The Broad Fixed-Income Landscape Entering 2024

The bond market has not provided the defensive features over the past two years that investors grew to love it for in the four decades before July 2021. It has been one of the worst periods on record for developed-markets bonds in 2022 and into 2023.

This is especially true for long-dated bonds.

The potential long-term regime for inflation and rates has affected these bonds with equitylike drawdowns. We now see this as a positive in a forward-looking context. The material increase in bond yields has improved their attractiveness versus other assets and for portfolio risk management more generally.

This applies to the U.S., U.K., and Australia, where yields now cover inflation in many instances, offering positive “real” yields.
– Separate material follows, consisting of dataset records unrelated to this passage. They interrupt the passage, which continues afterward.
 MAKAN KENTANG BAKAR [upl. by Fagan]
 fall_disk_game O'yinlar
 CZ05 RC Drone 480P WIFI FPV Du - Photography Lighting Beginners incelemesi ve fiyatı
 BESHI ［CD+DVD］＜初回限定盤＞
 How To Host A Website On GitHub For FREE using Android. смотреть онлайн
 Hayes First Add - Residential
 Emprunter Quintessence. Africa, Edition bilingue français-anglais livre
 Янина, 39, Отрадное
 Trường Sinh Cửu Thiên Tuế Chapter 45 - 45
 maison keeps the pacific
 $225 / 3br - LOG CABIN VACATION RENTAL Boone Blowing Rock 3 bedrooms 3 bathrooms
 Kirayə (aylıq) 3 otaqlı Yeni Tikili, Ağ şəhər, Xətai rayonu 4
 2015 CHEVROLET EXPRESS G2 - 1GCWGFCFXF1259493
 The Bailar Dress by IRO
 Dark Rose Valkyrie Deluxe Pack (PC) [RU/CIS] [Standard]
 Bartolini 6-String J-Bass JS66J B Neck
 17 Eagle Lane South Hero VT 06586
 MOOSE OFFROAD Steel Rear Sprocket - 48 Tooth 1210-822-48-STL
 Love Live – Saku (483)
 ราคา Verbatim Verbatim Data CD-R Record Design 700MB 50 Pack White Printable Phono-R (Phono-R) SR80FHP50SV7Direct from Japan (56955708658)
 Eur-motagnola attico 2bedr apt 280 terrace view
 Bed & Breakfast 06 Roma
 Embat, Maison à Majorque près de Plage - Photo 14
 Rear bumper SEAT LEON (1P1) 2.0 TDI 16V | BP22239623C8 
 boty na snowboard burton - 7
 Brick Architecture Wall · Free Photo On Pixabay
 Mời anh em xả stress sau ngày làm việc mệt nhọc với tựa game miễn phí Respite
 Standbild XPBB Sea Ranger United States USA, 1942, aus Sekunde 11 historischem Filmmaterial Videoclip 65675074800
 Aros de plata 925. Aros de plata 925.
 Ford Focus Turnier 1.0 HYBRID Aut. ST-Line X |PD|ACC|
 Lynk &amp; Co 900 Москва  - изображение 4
European yields are also rising strongly but—from a very low base—exhibit less attractive absolute yields to date.

Going slightly deeper, the ability to add income to portfolios while mitigating default risk looks attractive to us currently. Duration risk again looks attractive in many scenarios, but it requires prudent management. We are cognizant of the potentially sizable drawdown risk from longer-duration assets. Adding materially to duration might make sense at some point, but any changes should be measured and deliberate, given the fast-changing response from central banks and the threat of stickier inflation. One key consideration in a portfolio context is reinvestment risk, with short-dated bonds offering strong yields but which could be left behind if rates get cut.

Corporate bonds, whether investment grade or high yield, offer higher yields than government bonds (given greater credit risk), although the “spread” between the two remains tighter than we might prefer, given the environment. They have a place as a middle ground—providing some extra yield versus government bonds and a duration profile that can help in portfolio construction.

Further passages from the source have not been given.